### [Exercise directions]
Restate the records below word for word, leaving nothing out.

### [Dataset entries]
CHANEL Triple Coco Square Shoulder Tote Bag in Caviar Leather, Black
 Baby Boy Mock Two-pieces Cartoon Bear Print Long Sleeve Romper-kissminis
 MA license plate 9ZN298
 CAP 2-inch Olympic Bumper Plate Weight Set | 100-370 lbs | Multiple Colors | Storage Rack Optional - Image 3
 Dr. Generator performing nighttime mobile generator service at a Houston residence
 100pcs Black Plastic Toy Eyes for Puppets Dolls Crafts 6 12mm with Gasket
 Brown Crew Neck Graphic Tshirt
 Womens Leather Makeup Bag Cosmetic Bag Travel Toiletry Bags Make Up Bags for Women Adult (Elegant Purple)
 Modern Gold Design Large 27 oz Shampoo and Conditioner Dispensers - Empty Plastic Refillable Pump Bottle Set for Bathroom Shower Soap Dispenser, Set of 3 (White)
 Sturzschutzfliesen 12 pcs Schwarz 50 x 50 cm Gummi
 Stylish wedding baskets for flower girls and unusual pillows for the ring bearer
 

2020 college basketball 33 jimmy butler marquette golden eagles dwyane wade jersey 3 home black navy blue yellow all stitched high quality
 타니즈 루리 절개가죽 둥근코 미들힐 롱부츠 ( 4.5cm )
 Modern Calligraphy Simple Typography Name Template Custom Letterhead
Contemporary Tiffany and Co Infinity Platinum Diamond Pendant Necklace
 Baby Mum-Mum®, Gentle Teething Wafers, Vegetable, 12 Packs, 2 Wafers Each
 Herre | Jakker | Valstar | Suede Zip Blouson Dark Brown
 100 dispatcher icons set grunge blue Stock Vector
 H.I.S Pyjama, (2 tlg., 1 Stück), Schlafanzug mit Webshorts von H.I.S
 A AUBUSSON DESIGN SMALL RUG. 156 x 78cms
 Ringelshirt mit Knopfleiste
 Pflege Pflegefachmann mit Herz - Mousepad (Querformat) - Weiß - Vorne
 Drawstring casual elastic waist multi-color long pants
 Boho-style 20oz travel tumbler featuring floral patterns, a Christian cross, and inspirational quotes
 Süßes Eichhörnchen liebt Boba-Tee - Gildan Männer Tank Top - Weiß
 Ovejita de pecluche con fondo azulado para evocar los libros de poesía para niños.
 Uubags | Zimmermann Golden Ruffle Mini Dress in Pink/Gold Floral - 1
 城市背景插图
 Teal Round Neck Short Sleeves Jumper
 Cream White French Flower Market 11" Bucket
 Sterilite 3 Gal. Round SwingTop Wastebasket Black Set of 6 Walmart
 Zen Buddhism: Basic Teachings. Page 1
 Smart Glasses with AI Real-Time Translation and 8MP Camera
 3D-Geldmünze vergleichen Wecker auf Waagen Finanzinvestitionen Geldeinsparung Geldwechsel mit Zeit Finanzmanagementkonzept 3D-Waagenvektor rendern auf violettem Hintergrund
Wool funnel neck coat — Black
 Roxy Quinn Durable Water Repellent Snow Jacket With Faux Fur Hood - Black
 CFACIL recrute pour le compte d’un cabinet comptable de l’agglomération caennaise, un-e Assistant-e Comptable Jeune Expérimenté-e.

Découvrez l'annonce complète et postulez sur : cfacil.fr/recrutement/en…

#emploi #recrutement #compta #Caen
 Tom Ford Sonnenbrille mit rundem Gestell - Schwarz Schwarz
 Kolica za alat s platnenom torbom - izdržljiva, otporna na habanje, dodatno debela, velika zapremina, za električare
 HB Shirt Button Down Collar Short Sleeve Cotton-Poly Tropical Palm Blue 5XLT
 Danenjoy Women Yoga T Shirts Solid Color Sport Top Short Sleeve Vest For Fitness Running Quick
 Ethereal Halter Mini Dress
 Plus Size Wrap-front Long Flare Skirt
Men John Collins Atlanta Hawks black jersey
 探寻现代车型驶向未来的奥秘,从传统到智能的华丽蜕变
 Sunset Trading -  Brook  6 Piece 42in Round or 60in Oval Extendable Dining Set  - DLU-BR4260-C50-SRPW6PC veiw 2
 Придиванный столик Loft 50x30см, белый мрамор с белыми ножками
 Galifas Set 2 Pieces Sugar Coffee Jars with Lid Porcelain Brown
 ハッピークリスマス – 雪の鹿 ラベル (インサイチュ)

### [Answer to this exercise]
CHANEL Triple Coco Square Shoulder Tote Bag in Caviar Leather, Black
 Baby Boy Mock Two-pieces Cartoon Bear Print Long Sleeve Romper-kissminis
 MA license plate 9ZN298
 CAP 2-inch Olympic Bumper Plate Weight Set | 100-370 lbs | Multiple Colors | Storage Rack Optional - Image 3
 Dr. Generator performing nighttime mobile generator service at a Houston residence
 100pcs Black Plastic Toy Eyes for Puppets Dolls Crafts 6 12mm with Gasket
 Brown Crew Neck Graphic Tshirt
 Womens Leather Makeup Bag Cosmetic Bag Travel Toiletry Bags Make Up Bags for Women Adult (Elegant Purple)
 Modern Gold Design Large 27 oz Shampoo and Conditioner Dispensers - Empty Plastic Refillable Pump Bottle Set for Bathroom Shower Soap Dispenser, Set of 3 (White)
 Sturzschutzfliesen 12 pcs Schwarz 50 x 50 cm Gummi
 Stylish wedding baskets for flower girls and unusual pillows for the ring bearer
 

2020 college basketball 33 jimmy butler marquette golden eagles dwyane wade jersey 3 home black navy blue yellow all stitched high quality
 타니즈 루리 절개가죽 둥근코 미들힐 롱부츠 ( 4.5cm )
 Modern Calligraphy Simple Typography Name Template Custom Letterhead
Contemporary Tiffany and Co Infinity Platinum Diamond Pendant Necklace
 Baby Mum-Mum®, Gentle Teething Wafers, Vegetable, 12 Packs, 2 Wafers Each
 Herre | Jakker | Valstar | Suede Zip Blouson Dark Brown
 100 dispatcher icons set grunge blue Stock Vector
 H.I.S Pyjama, (2 tlg., 1 Stück), Schlafanzug mit Webshorts von H.I.S
 A AUBUSSON DESIGN SMALL RUG. 156 x 78cms
 Ringelshirt mit Knopfleiste
 Pflege Pflegefachmann mit Herz - Mousepad (Querformat) - Weiß - Vorne
 Drawstring casual elastic waist multi-color long pants
 Boho-style 20oz travel tumbler featuring floral patterns, a Christian cross, and inspirational quotes
 Süßes Eichhörnchen liebt Boba-Tee - Gildan Männer Tank Top - Weiß
 Ovejita de pecluche con fondo azulado para evocar los libros de poesía para niños.
 Uubags | Zimmermann Golden Ruffle Mini Dress in Pink/Gold Floral - 1
 城市背景插图
 Teal Round Neck Short Sleeves Jumper
 Cream White French Flower Market 11" Bucket
 Sterilite 3 Gal. Round SwingTop Wastebasket Black Set of 6 Walmart
 Zen Buddhism: Basic Teachings. Page 1
 Smart Glasses with AI Real-Time Translation and 8MP Camera
 3D-Geldmünze vergleichen Wecker auf Waagen Finanzinvestitionen Geldeinsparung Geldwechsel mit Zeit Finanzmanagementkonzept 3D-Waagenvektor rendern auf violettem Hintergrund
Wool funnel neck coat — Black
 Roxy Quinn Durable Water Repellent Snow Jacket With Faux Fur Hood - Black
 CFACIL recrute pour le compte d’un cabinet comptable de l’agglomération caennaise, un-e Assistant-e Comptable Jeune Expérimenté-e.

Découvrez l'annonce complète et postulez sur : cfacil.fr/recrutement/en…

#emploi #recrutement #compta #Caen
 Tom Ford Sonnenbrille mit rundem Gestell - Schwarz Schwarz
 Kolica za alat s platnenom torbom - izdržljiva, otporna na habanje, dodatno debela, velika zapremina, za električare
 HB Shirt Button Down Collar Short Sleeve Cotton-Poly Tropical Palm Blue 5XLT
 Danenjoy Women Yoga T Shirts Solid Color Sport Top Short Sleeve Vest For Fitness Running Quick
 Ethereal Halter Mini Dress
 Plus Size Wrap-front Long Flare Skirt
Men John Collins Atlanta Hawks black jersey
 探寻现代车型驶向未来的奥秘,从传统到智能的华丽蜕变
 Sunset Trading -  Brook  6 Piece 42in Round or 60in Oval Extendable Dining Set  - DLU-BR4260-C50-SRPW6PC veiw 2
 Придиванный столик Loft 50x30см, белый мрамор с белыми ножками
 Galifas Set 2 Pieces Sugar Coffee Jars with Lid Porcelain Brown
 ハッピークリスマス – 雪の鹿 ラベル (インサイチュ)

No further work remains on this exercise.